Conservazione documenti contabili
Ai fini civilistici l’art. 2220 del c.c. prevede che le scritture contabili, le fatture, le lettere, eccetera (la norma è comunque applicabile a tutti i documenti aventi natura contabile, fiscale ed amministrativa) devono essere conservate per dieci anni. Per i registri contabili il termine decorre dalla data dell’ultima scrittura riportata mentre per i documenti dalla data di emissione degli stessi.
In ambito fiscale, fatti salvi i più ampi termini previsti dalla normativa civilistica, i termini di conservazione della documentazione sono disciplinati dall’art. 43 del D.P.R. 600/73 e dall’art. 57 del D.P.R. 633/72.

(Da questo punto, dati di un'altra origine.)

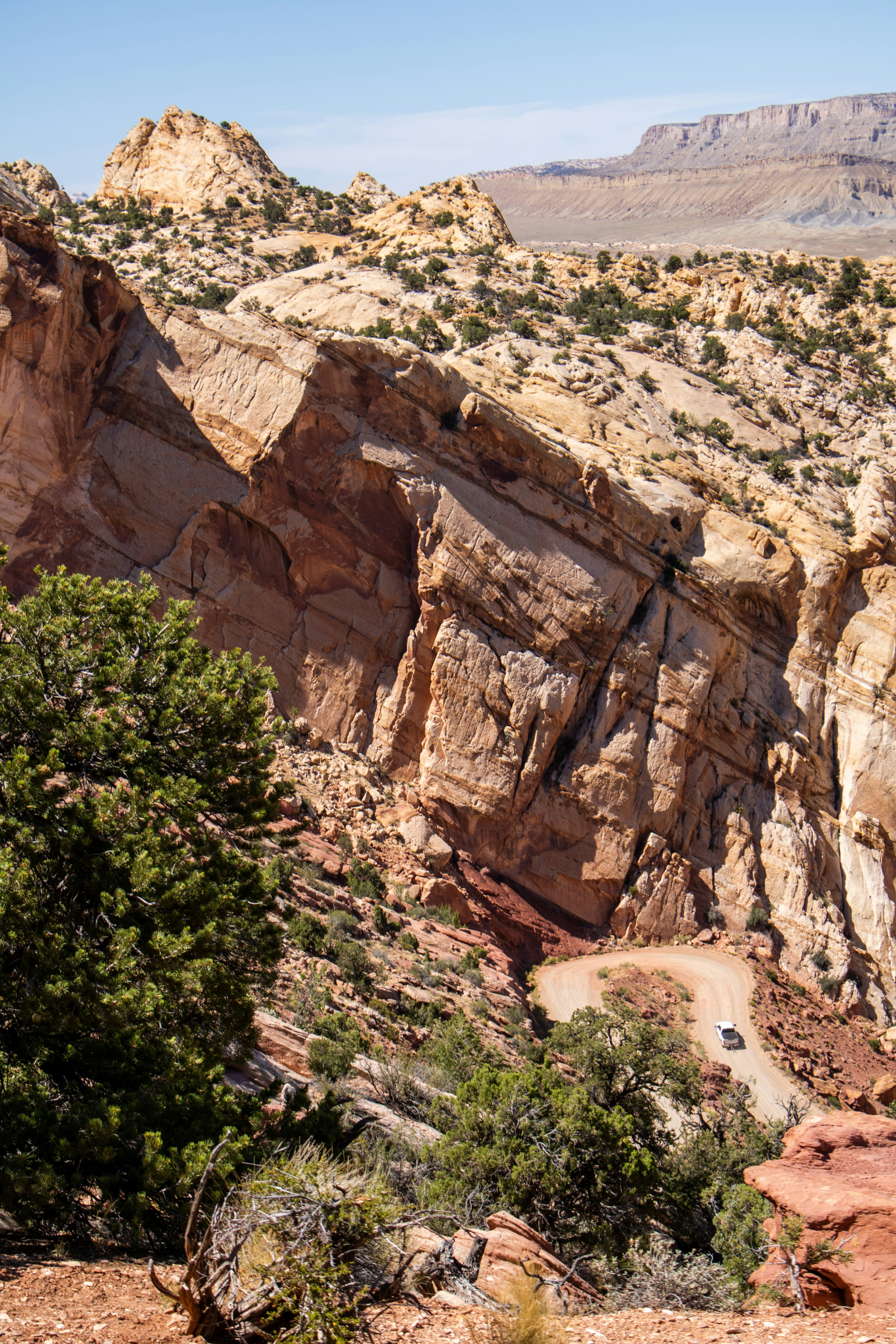 Photo by zoshuacolah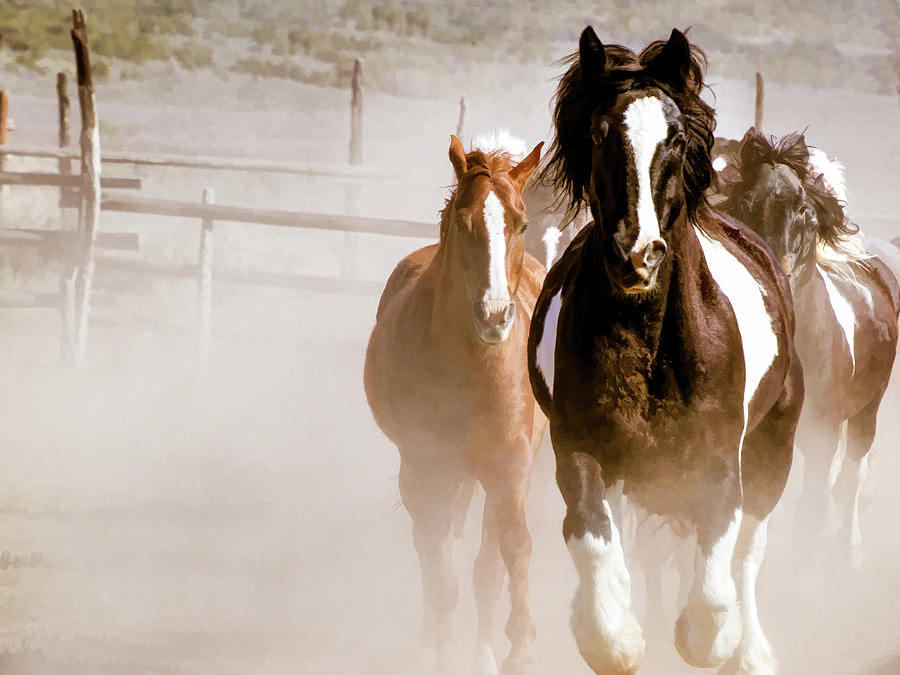 Horses Running into a dusty ranch corral by Nadja Rider Horses Running into a dusty ranch corral by Nadja Rider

Ai sensi delle norme richiamate la documentazione fiscale (tra cui rientrano senza meno i documenti citati) deve essere conservata almeno fino allo scadere del termine entro il quale è possibile per l’Ufficio esperire l’attività di accertamento e controllo.
Su tale punto occorre fare un distinguo a causa delle modifiche normative intervenute con la legge di stabilità 2016.
Fino all’anno d’imposta 2015 il termine scade il 31 dicembre del quarto anno successivo a quello di presentazione della dichiarazione. Dall’anno 2016 il termine scade il 31 dicembre del quinto anno successivo a quello di presentazione della dichiarazione (in caso di dichiarazione omessa i termini risulterebbero aumentati di due anni).
Detto altrimenti, ai fini fiscali, le fatture dell’anno 2015 dovranno essere conservate fino al 31 dicembre 2020. Le fatture dell’anno 2016 (a causa delle modifiche normative introdotte) dovranno invece essere conservate fino al 31 dicembre 2022.
Retroagendo, in costanza della vecchia normativa, possiamo dire che per le fatture relative all’anno 2011, il termine di conservazione fiscale è scaduto il 31 dicembre 2016.
E’ importante però osservare che se la società dovesse essere interessata da una procedura di accertamento fiscale, i termini richiamati potrebbero essere ben più ampi anche di quelli civilistici, dovendosi conservare i documenti fino a quando la procedura di accertamento non si sia definita (anche in sede contenziosa).
In merito al termine da rispettare (civilistico o fiscale) la decisione spetta all’azienda. Sicuramente essendo il termine civile più ampio di quello fiscale (fatta salva l’ipotesi di controlli o accertamenti), rispettato il primo risulterà rispettato anche il secondo.
In definitiva se conserviamo i documenti contabili e fiscali per dieci anni (salvo accertamenti non definiti) siamo a posto sotto ogni profilo, sia civilistico che fiscale.
Se le ragioni di spazio fisico fossero veramente importanti, si potrebbe anche rispettare esclusivamente il termine fiscale. In detta ipotesi però, in caso di contestazioni di natura civile che dovessero coinvolgere documenti distrutti (si pensi ad una fattura pagata per contanti con quietanza apposta sul documento, dove il fornitore, entro i termini di prescrizione, ne richiede ancora il pagamento) non avremmo più la documentazione probatoria.